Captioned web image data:
━━━━━━━━━━━━━━━━━━━━━━━━━━━━━━
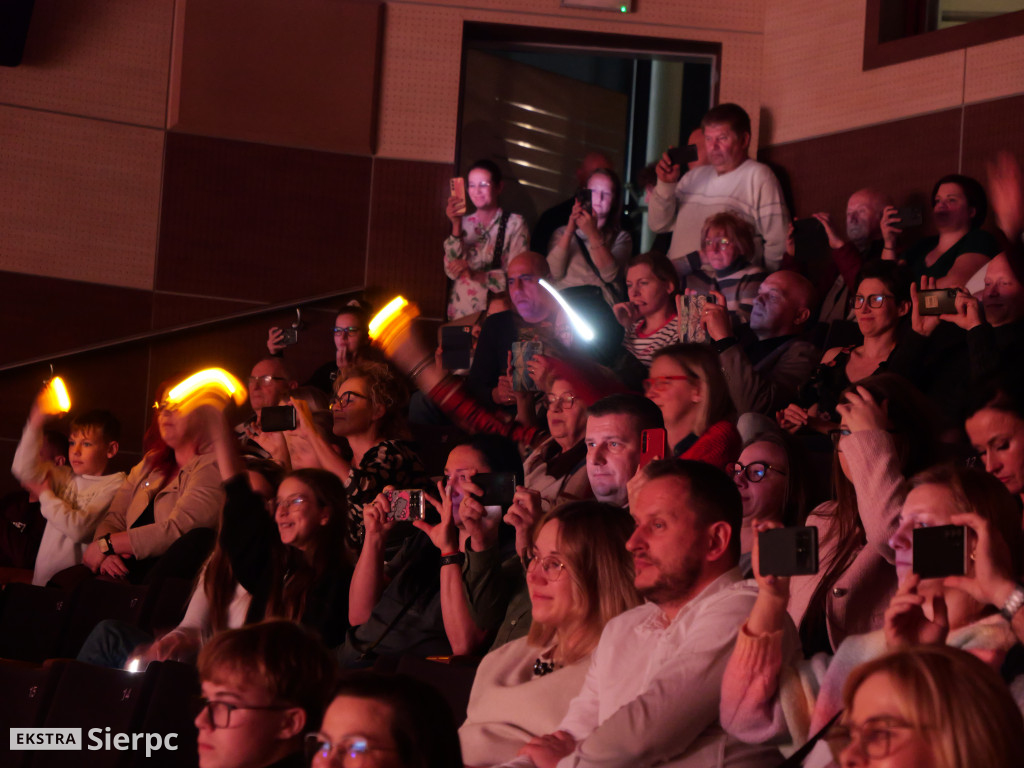 50 lat Ogniska Pracy Pozaszkolnej w Sierpcu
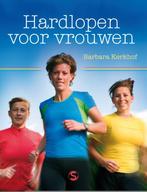 Hardlopen voor vrouwen 9789029567596, Barbara Kerkhof, B. Kerkhof, Verzenden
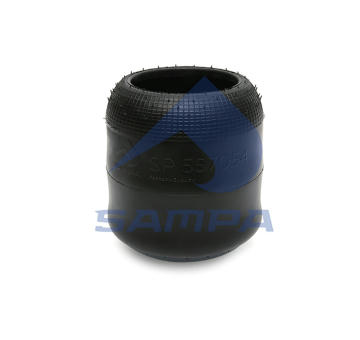 Mech, pneumaticke odpruzeni SAMPA SP 557054-K01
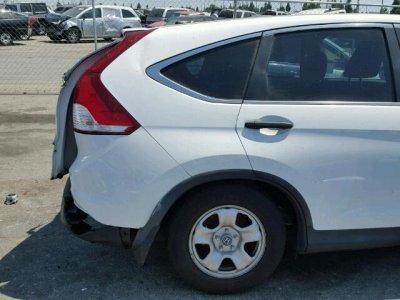 2012 Honda CR-V Replacement Parts 2012 Honda CR-V Replacement Parts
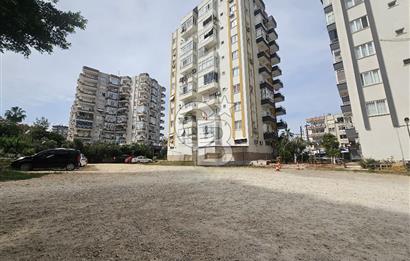 MERSİN MENTEŞ EĞRİÇAM MAHALLESİ NEVİT KODALLI CADDESİ SATILIK 3+1 DAİRE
━━━━━━━━━━━━━━━━━━━━━━━━━━━━━━
Work order:
Set all of the records down once more, letter for letter, with the images removed.

Answer box:
 50 lat Ogniska Pracy Pozaszkolnej w Sierpcu
 Hardlopen voor vrouwen 9789029567596, Barbara Kerkhof, B. Kerkhof, Verzenden
 Mech, pneumaticke odpruzeni SAMPA SP 557054-K01
 2012 Honda CR-V Replacement Parts 2012 Honda CR-V Replacement Parts
 MERSİN MENTEŞ EĞRİÇAM MAHALLESİ NEVİT KODALLI CADDESİ SATILIK 3+1 DAİRE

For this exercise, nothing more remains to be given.